Hi, I have a VPN product for macOS. When activated, it creates a virtual interface that capture all outgoing traffic for the VPN. the VPN encrypt it, and send it to the tunnel gateway. The gateway then decapsulates the packet and forwards it to the original destination.
To achieve this, The vpn modifies the routing table with the following commands:
# after packets were encoded with the vpn protocol, re-send them through
# the physical interface
/sbin/route add -host <tunnel_gateway_address_in_physical_subnet> <default_gateway> -ifp en0 > /dev/null 2>&1
# remove the default rule for en0 and replace it with scoped rule
/sbin/route delete default <default_gateway> -ifp en0 > /dev/null 2>&1
/sbin/route add default <default_gateway> -ifscope en0 > /dev/null 2>&1
# create new rule for the virtual interface that will catch all packets
# for the vpn
/sbin/route add default <tunnel_gateway_address_in_tunnel_subnet> -ifp utunX > /dev/null 2>&1
This works in most cases. However, there are scenarios where the VPN process may crash, stop responding, or another VPN product may alter the routing table.

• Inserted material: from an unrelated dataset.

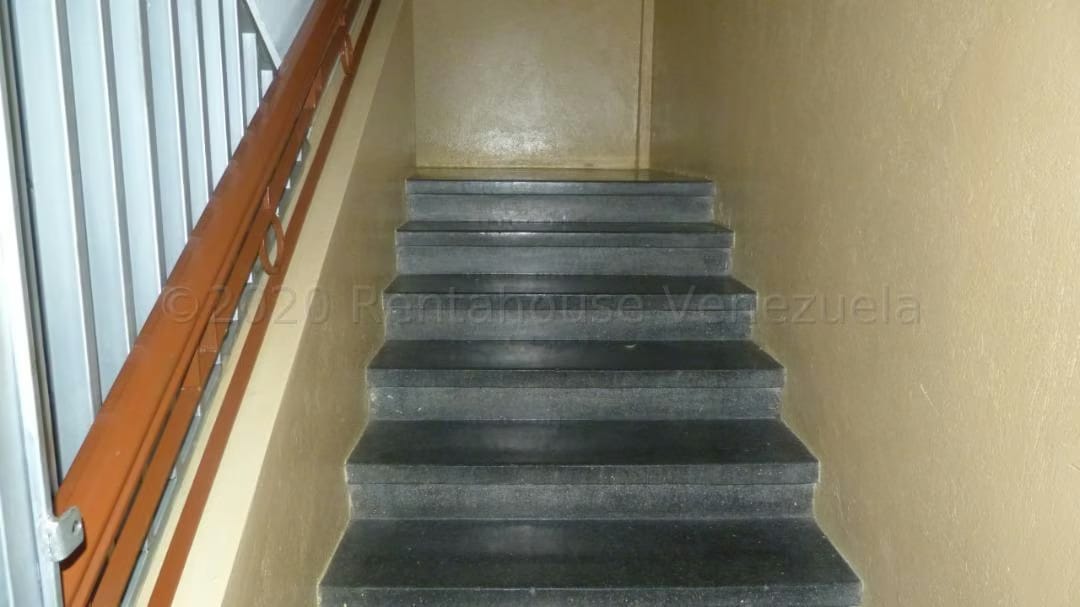 Comercial (Edificio) en Venta en Parroquia La Candelaria, Distrito Metropolitano - 9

When that happens, packets may no longer go out through the correct interface.
Question: Is there a way to reliably reconstruct the routing table from scratch in such scenarios? Ideally, I would like to rebuild the baseline rules for the physical interface (e.g., en0) and then reapply the VPN-specific rules on top. Are there APIs, system utilities, or best practices in macOS for restoring the original routing configuration before reapplying custom VPN routes?
Thanks
I have a VPN product for macOS.
It sounds like your VPN product isn’t based on the Network Extension (NE) provider architecture. Is that right?

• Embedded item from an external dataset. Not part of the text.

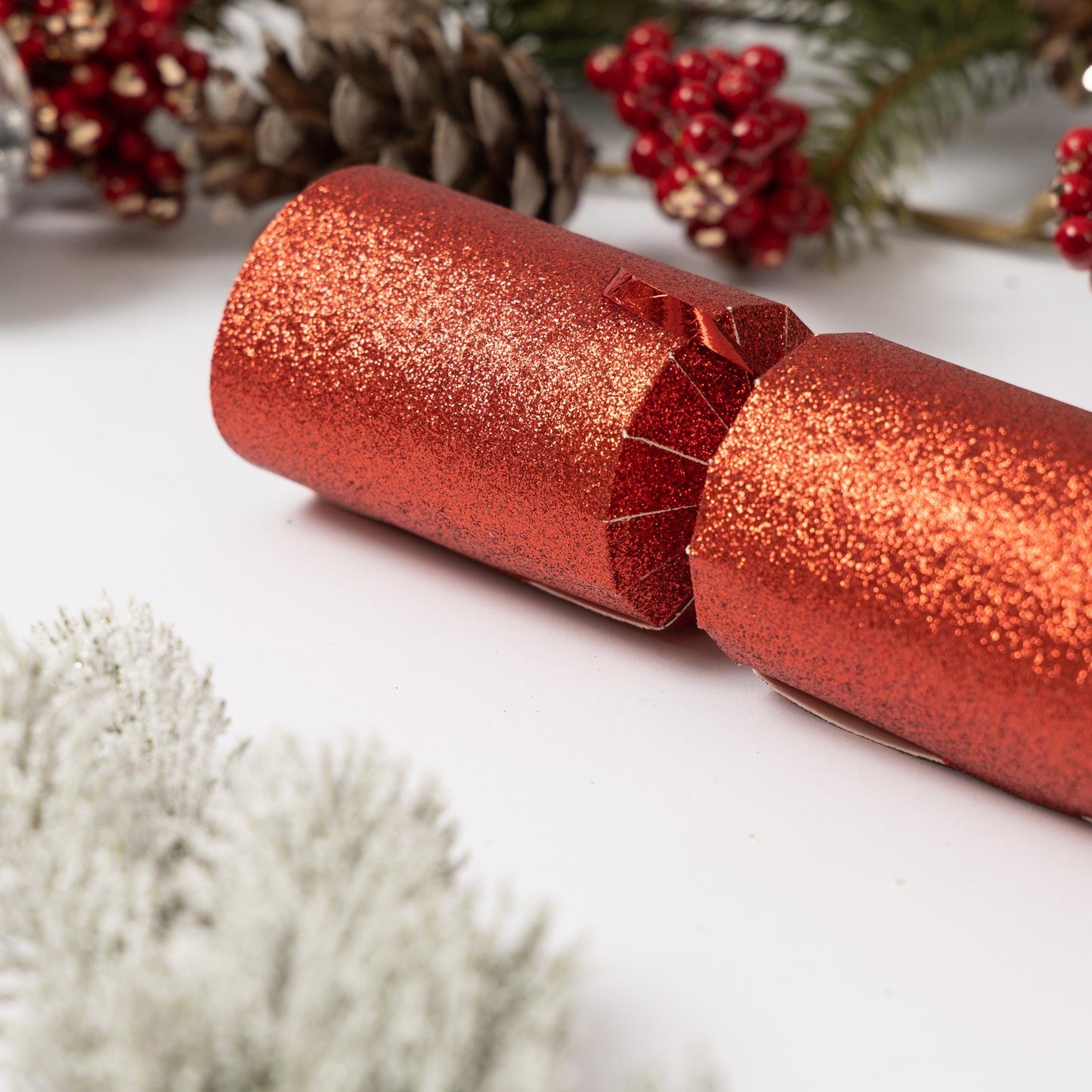 12 Make Your Own Christmas Cracker kit Crackers Hats Snaps RED and silver GLITTER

If so, there’s not much I can do to help you out here. On macOS the routing table is ‘owned’ by system infrastructure. You can’t safely modify it behind the system’s back. If you do, you’ll run into all sorts of weird problems.
This has been true since the dawn of Mac OS X but, historically, you had to bend the rules to create a VPN product. That’s not been the case since we introduced support for NE providers back in macOS 10.11. At that point DTS stopped supported such shenanigans; we now only support VPN products based on the NE provider architecture.
This year at WWDC the NE team went out of their way to clarify their position on this. See WWDC 2025 Session 234 Filter and tunnel network traffic with NetworkExtension, starting at 7:26.
Oh, and if you are using an NE provider and NE is failing to restore the routine table properly, please do let me know. That should just happen automatically.